Now with that, we introduce this text. I’m glad you still think that’s humorous; that gives me hope that there is a future. We’re going to return to this text and we’re going to look more deeply into what is one of the most provocative and powerful of all of Jesus’ teachings: the folly of empty words – profession without possession, the tragedy of all tragedies. But for now, we bow in prayer and thank the Lord for what He’s given us tonight.
Father, it is such a tragic thing to think of empty words coming from empty hearts of lives that will be destroyed when the rain of judgment and the flood of divine wrath comes in the end, who will stand at the tribunal and say, “Hey, Lord, it’s us. Lord, Lord,” Only to hear, “I never knew you. Depart from Me, you workers of iniquity.” Father, we know that all are deceived who have not ceased by Your power doing iniquity and begun to do Your will.

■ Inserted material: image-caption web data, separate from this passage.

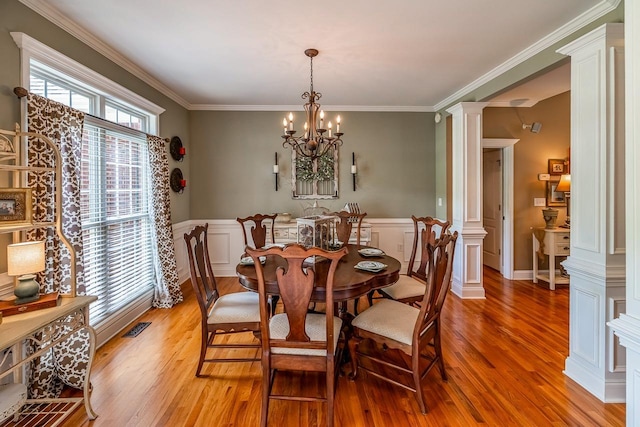 228 Antrim, Moore, SC 29369 - dining room with decorative columns, light wood-style flooring, ornamental molding, wainscoting, and a chandelier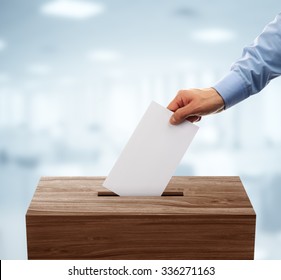 Ballot box with person casting vote on blank voting slip - Shutterstock ID 336271163
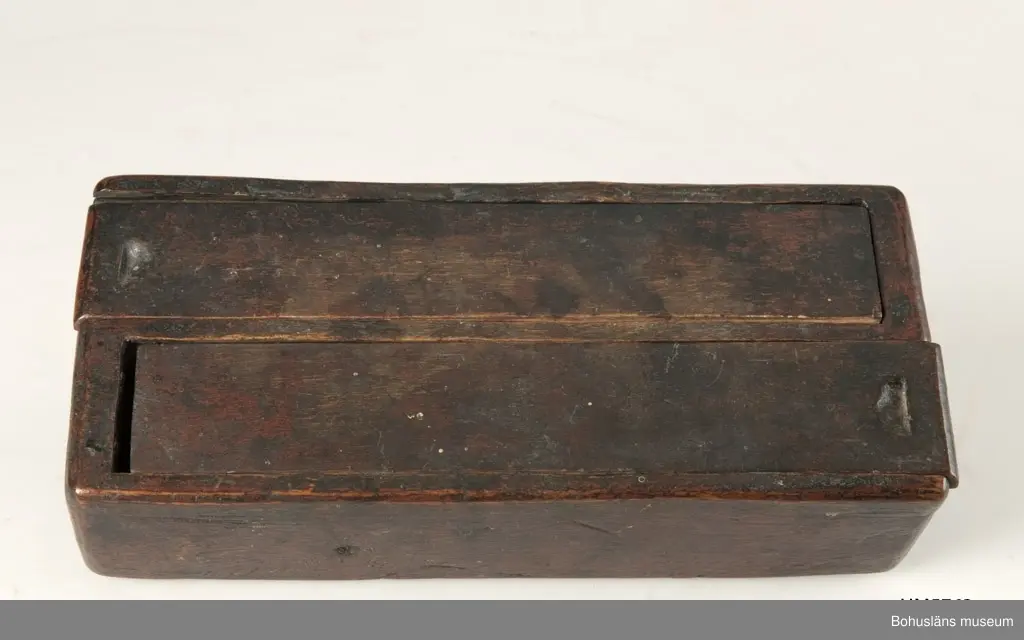 Rektangulär låda, uppdelad i två parallella fack med varsitt skjutlock upptill.
Målat med mörkt röd färg.
Inuti ett av facken finns fragment av fnöske.

Litt.; Gjaerder, Per, Esker og tiner, C. Huitfeldts förlag, Oslo, 1981, s. 48-50.

Ur handskrivna katalogen 1957-1958: 
Trälåda m. två skjutlock
a) L. 22,5 Br. 9,7, H. 5,3 cm, rödmålad; m. 2 fack, under m. ett skjutlock b) och c); deras L. 21,2 cm, Br 4 cm.

Lappkatalog: 84
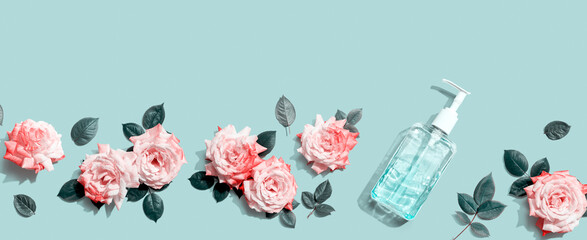 Sanitizer bottle with pink roses overhead view - flat lay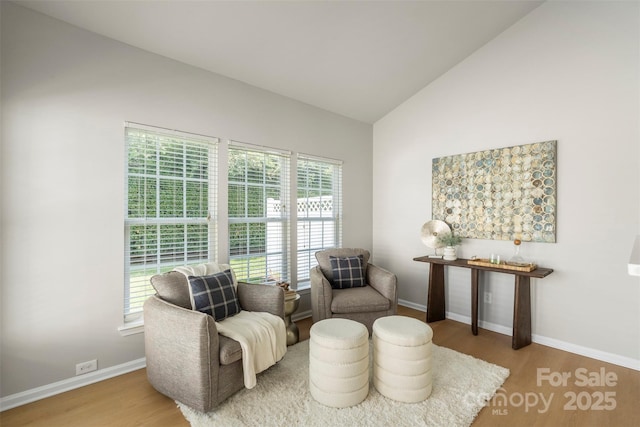10225 Alexander Martin Ave, Charlotte, NC 28277 - sitting room featuring wood finished floors, healthy amount of natural light, and vaulted ceiling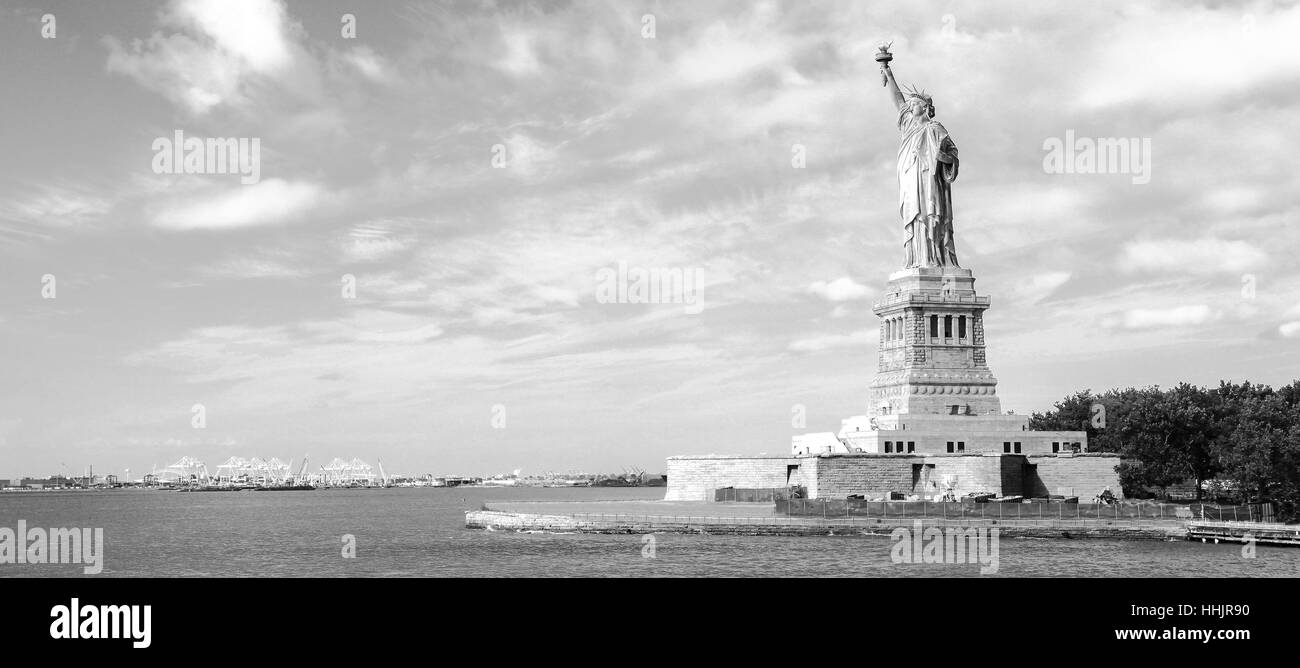 Panorama on the Statue of Liberty and the Skyline of Manhattan, New York City, United States Stock Photo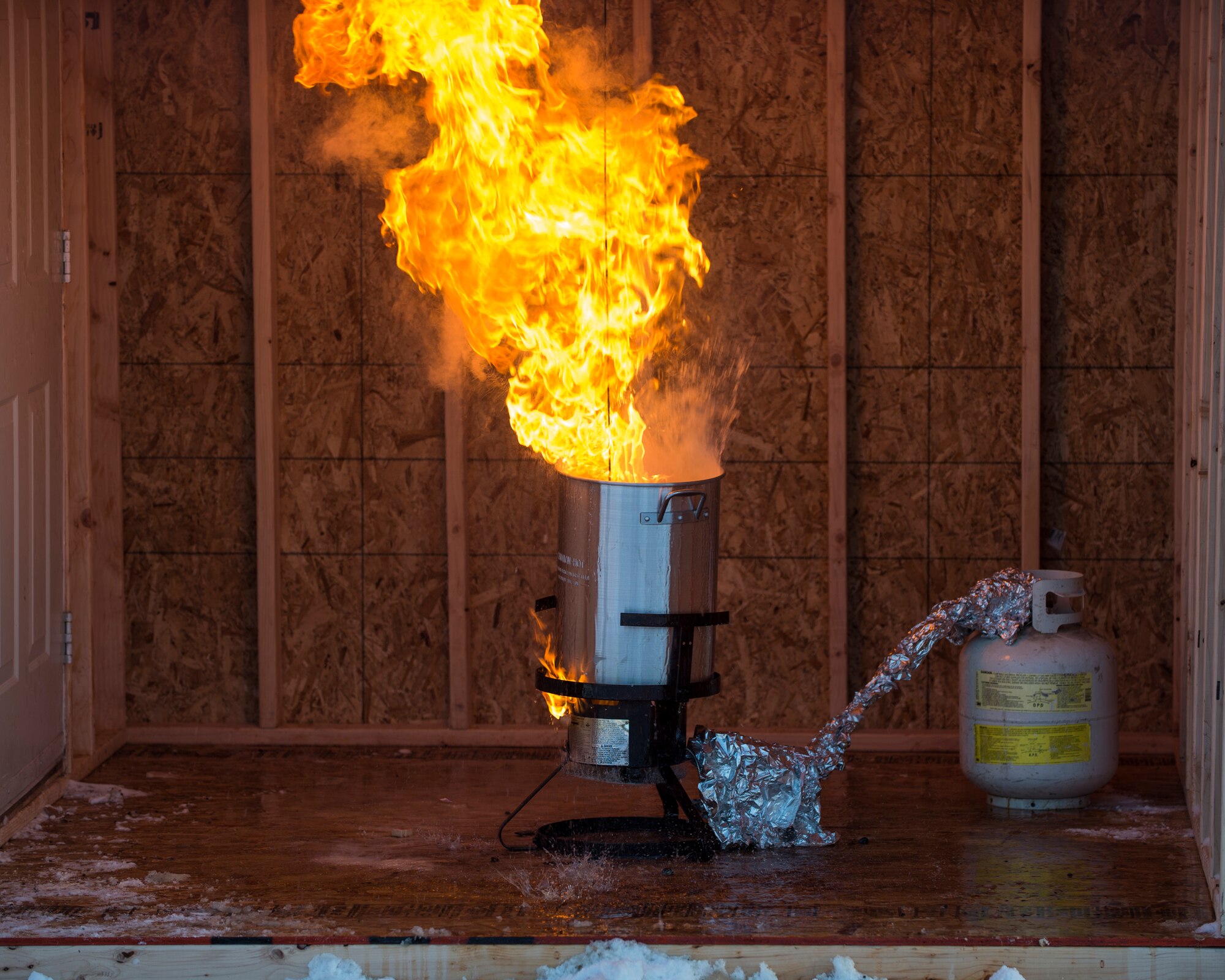 A turkey fryer is engulfed in flames during a fire safety demonstration at Joint Base Elmendorf-Richardson, Alaska, Nov. 13, 2017. The demonstration raised public awareness on the dangers of deep-frying turkeys and showed what not to do along with proper turkey-frying techniques.
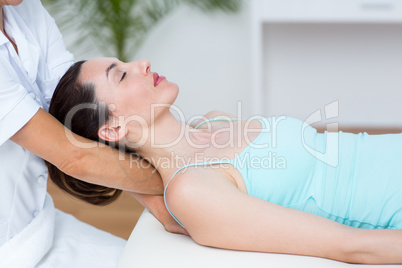 Physiotherapist doing neck massage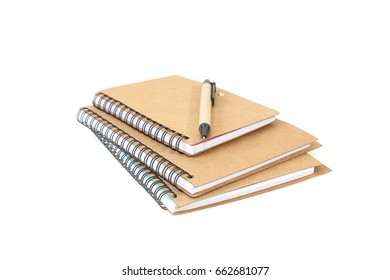 Stack for notebook and pen isolated on white background.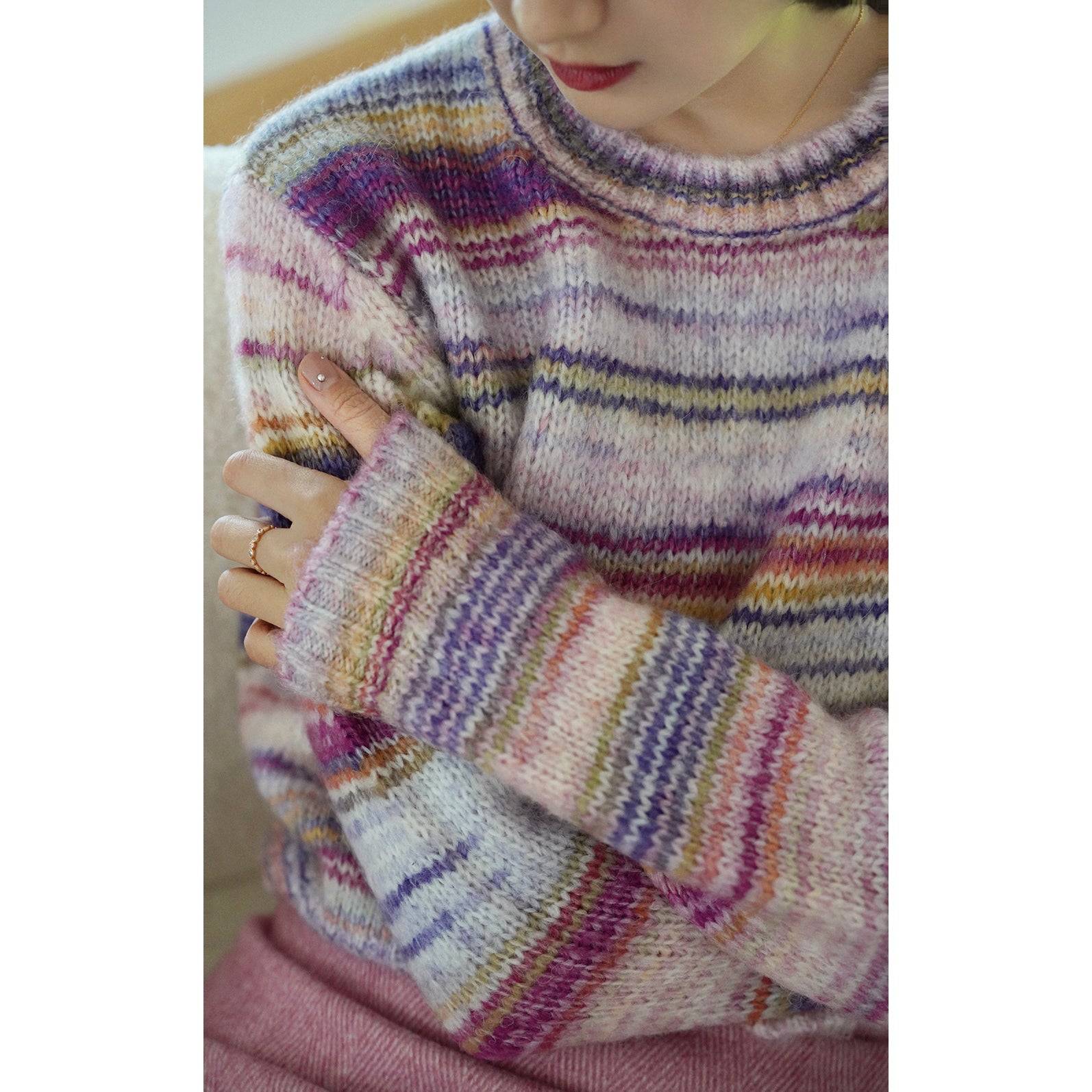 Blurred rainbow-colored knit sweater and scarf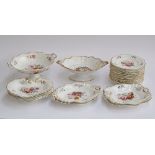 A 19th century part dinner service, 22 pieces, with hand painted floral spray decoration, heightened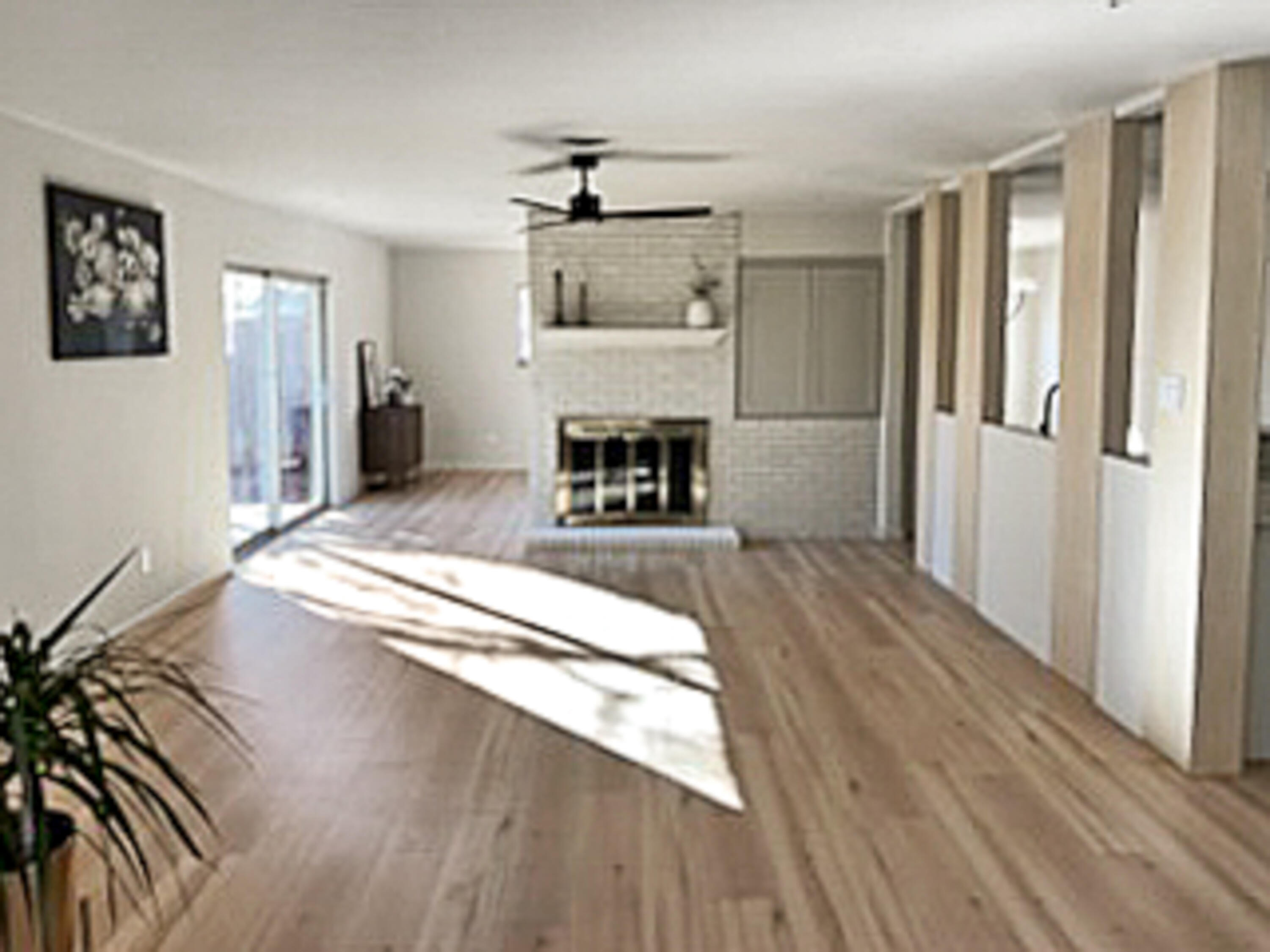 3625 59th Street Lubbock, TX 79413 - Photo 5 of 41 a spacious bedroom with a bed and a chandelier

What marks a true believer? They, as we heard in baptism tonight, are not longer a slave to sin, but have become slaves of righteousness. On the other hand, if we look at this all positively, how can you tell a true believer? Consumed with the love of Christ, consumed with a hunger for the word of God, longing to be holy and righteous, longing to be humble and broken, desirous to be above all things obedient from the heart, longing to worship, can never get enough obedience, can never get enough worship – all these evidences of a transformed life.
And, Father, we would pray that if there are any with us tonight who are deceived about their true spiritual condition, Lord, may the light go on, and may they see the reality. Give them a hunger and thirst for righteousness. Give them an overwhelming love for Christ. Give them a desire to humble themselves, turn from their sin, and submit to Christ as slaves submitting to a sovereign and all-gracious, merciful Lord. Give them a desire to worship. Free them from the longings of the natural heart, the unredeemed heart. Fill their hearts with the longings that belong only to the regenerate: obedience, submission, humility, holiness, worship.
Now, Father, just do Your work; that’s all we can ever ask. Ours is but to bring the truth, and to bring the warning, and to repeat the words of our blessed Savior. And we pray, Lord, that Your Spirit would do a mighty work in hearts through what we’ve heard tonight. We thank You for it in the Savior’s name. Amen.